Speaking at a gala dinner for American and Israeli officials, experts and diplomats at the Saban Center for Middle East Policy on Friday night, Clinton stressed the Obama administration is prepared for bilateral talks with the Islamic Republic.
For now, she said Washington is working with members of the so-called P-5+1 group of major powers -- Britain, China, France, Germany, Russia and the United States -- to resume talks with Iran about its nuclear program.
Responding to a question from the audience on Iran after delivering her opening remarks, Clinton said:
“We are deeply engaged in consultations right now with our P-5+1 colleagues, looking to put together a presentation for the Iranians at the next meeting that does make it clear we’re running out of time, we’ve got to get serious, here are issues we are willing to discuss with you, but we expect reciprocity.
“Now, I would also add that we have, from the very beginning, made it clear to the Iranians we are open to a bilateral discussion. And we have tried. You know the President tried to reach out. Dennis Ross is here. He was instrumental in those first two years in trying to create some kind of opportunity for dialogue on the nuclear issue. So far there has not yet been any meeting of the minds on that. But we remain open.
“And we’ve certainly tried quite hard in the P-5+1 context to have a bilateral discussion, and they’ve not been willing to do so. But we understand that it may take pushing through that obstacle to really get them fully responsive to whatever the P-5+1 offer might be.
“Right now, we’re working on the P-5+1 and making our willingness known that we’re ready to have a bilateral discussion if they’re ever ready to engage.”

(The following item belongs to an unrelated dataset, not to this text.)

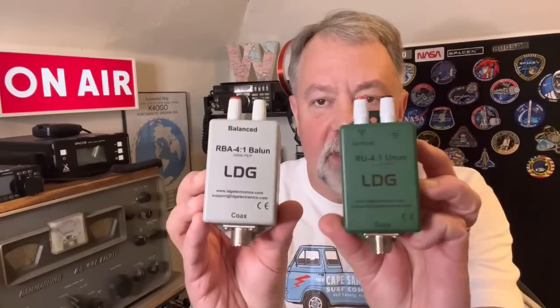Now a 4:1 unun is a little different from a 4:1 balun. If you're building a delta loop — which is a balanced antenna — a 4:1 balun is where you want to go, not an unun. So there's the two I've got: the LDG 4:1 unun and the 4:1 balun. Balun for a balanced antenna; unun for something like a vertical with a ground plane. There's a difference — that's a deep dive, so you might want to do a little research on that.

Tariq Alhomayed, the editor-in-chief of Saudi Arabia’s leading daily Asharq Alawsat is incensed by the unexpected U.S. offer, writing today:
“What will the negotiations be about? You only need to ponder Reuters’ dispatch about Mrs. Clinton’s remarks concerning America’s readiness to negotiate directly with Iran.
“The agency wrote: ‘In October, diplomats had said they were considering asking Iran for stricter limits on its nuclear program in exchange for an easing of sanctions in a long-shot approach aimed at yielding a solution that has eluded them for a decade. One option could be for each side to put more on the table -- both in terms of demands and possible rewards -- than in previous meetings in a bid to break the stalemate…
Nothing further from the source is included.